Han pasado un par de meses desde entonces. He estado yendo a terapia para procesar todo esto. Pero la razón por la que escribo este post final es por algo que pasó la semana pasada. Reuní el valor para contarle toda esta historia a dos de mis mejores amigos, esperando algo de apoyo.

Su reacción no fue la que esperaba.

Después de un silencio incómodo, uno de ellos se empezó a reír.

—No jodas, güey... ¿Te vestía de colegiala? —dijo entre carcajadas.

El otro se unió.

—Oye, pues con lo buena que estaba Estefani... yo por unos cuantos azotes y que me vista de lo que quiera, ¡jalo! No era para tanto, exagerado.

Me quedé helado. Intenté explicarles la agresión, el miedo que sentí al ver la cámara, la humillación. Pero no lo entendían.

—Pues sí, lo de la cámara estuvo mal —admitió uno de ellos, ya más serio—. Pero, carnal, siendo honestos, también fue un poco tu culpa, ¿no? Dejaste que la cosa escalara demasiado. Si desde el principio le hubieras puesto un alto, nada de esto habría pasado. Dejaste que la relación fracasara por no marcar un límite a tiempo.

Y eso me dejó pensando. Me culparon a mí. Dijeron que yo era el responsable por no haber sido lo suficientemente "hombre" para detenerla antes.
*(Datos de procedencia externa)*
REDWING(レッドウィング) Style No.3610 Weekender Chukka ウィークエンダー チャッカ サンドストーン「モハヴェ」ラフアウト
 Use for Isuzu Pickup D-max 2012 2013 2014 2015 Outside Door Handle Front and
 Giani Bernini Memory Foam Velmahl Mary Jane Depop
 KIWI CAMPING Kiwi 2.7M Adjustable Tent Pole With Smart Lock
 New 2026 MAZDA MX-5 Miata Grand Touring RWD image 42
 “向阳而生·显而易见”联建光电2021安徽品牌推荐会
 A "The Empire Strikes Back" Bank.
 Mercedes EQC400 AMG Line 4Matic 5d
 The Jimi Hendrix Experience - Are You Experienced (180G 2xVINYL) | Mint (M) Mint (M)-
Que por lo buena que estaba, la humillación valía la pena.

Así que por eso estoy aquí, contándoles todo esto a ustedes, completos extraños en internet. Porque la gente que se supone que me conoce me ha dejado más confundido que antes. He estado repasando todo en mi cabeza sin parar.

Sé que ella estaba mal, que cruzó todas las líneas imaginables. Pero después de escuchar a mis amigos, no puedo evitar preguntarme... ¿Tienen razón? ¿Fui yo el culpable? ¿Soy el malo por haber dejado que una relación con una chica obsesionada con el yaoi fracasara de una forma tan desastrosa?